Write a Letter
Berkeley's Landmarks Preservation Commission will be reviewing The Cal's landmark application on Thursday, May 5 at 7pm (we'll share info on how to join the Zoom when it becomes available). People need to attend this meeting to voice support for keeping the theatre as a cultural destination, not just as a facade for another apartment building. Letters are also needed. You can use the template we created, or use our suggested talking points to write your own letter.
Email your letter to FCrane@CityofBerkeley.info (please send your letter as an attachment so it can be printed out to put in the application) and refer to Application #LMIN2022-0001.
Or, mail hard copy to:
Berkeley Landmarks Preservation Commission
c/o Fatema Crane, Secretary
Land Use Planning Division
2120 Milvia Street, Berkeley, CA 94704
We also need the community to write the Berkeley City Council, to put muscle behind saving The Cal as a cultural and social force. You can email the entire council at email@example.com or email individual council members. You can also snail mail the council at 2180 Milvia Street, Berkeley, CA 94704.
Need some talking points? See below.
What is the California Theatre's landmark status?
After the lease with Landmark Theatres was not renewed, the Art Deco Society of California filed an application for the California Theatre to designate the building a historic landmark. Berkeley’s Landmarks Preservation Commission accepted the filing and has scheduled an eventual hearing, probably in early May (Application #LMIN2022-0001).
What's the history of the California Theatre?
This gem was originally built in 1914, remodeled in the Art Deco style in 1929-1930, and again in 1952, when the fabulous neon sign and marquee were added. One of the last 12 Art Deco theaters in the Bay Area still in good shape and mostly intact, the Cal serves as a grim reminder that historic movie theaters are disappearing every day, and once they are gone, they are gone forever.
Why is the California Theatre important to Berkeley?
Berkeley's Arts district (Berkeley Rep, Jazz School, Freight and Salvage, BAMPFA, Aurora Theatre, and even the UC Theatre’s new live music format) is wonderful, but Berkeley needs cultural destinations that all, not just the affluent, can afford to attend.
The Cal has provided a valuable link between the university and downtown arts, and its loss would mean there would be no large-seating theater in the Berkeley downtown district of any historical, cultural, or aesthetic significance.
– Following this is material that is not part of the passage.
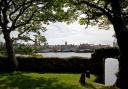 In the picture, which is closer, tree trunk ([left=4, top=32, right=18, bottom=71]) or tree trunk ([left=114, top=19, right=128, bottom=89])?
tree trunk ([left=114, top=19, right=128, bottom=89])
What makes the California Theatre notable?
In recent years, the California has hosted numerous community events: Q&As by well-known local activists Robert Reich and Jake Kornbluth, who came three times during the run of “Inequality for All”; Ryan Coogler, who twice held packed houses of potentially disruptive school kids in rapt attention for over an hour by encouraging them to participate with him and their classmates in a real discussion about “Fruitvale Station” with his Q&A’s, which encouraged them to focus their minds on positive solutions, words, and actions); Planned Parenthood (which, during the run of “Juno,” set up an information table in the lobby that not only provided pamphlets, but condoms & other accoutrements, and one-on-one conversations with interested patrons). The list goes on.
Aren't movie theaters over with? Everyone streams now.
The pandemic has accelerated the demise of movie theaters, but that doesn’t mean The Cal can’t go on, supporting a variety of performing arts options. It can adapt, as the UC Theatre did. People will go out more in the future, but that can’t happen if we let valuable community resources like The Cal slip away.
Why is the California Theatre important to you?
Share your memories of going to the theater and how it's been an essential part of the cultural and social fabric of Berkeley and the surrounding Bay Area.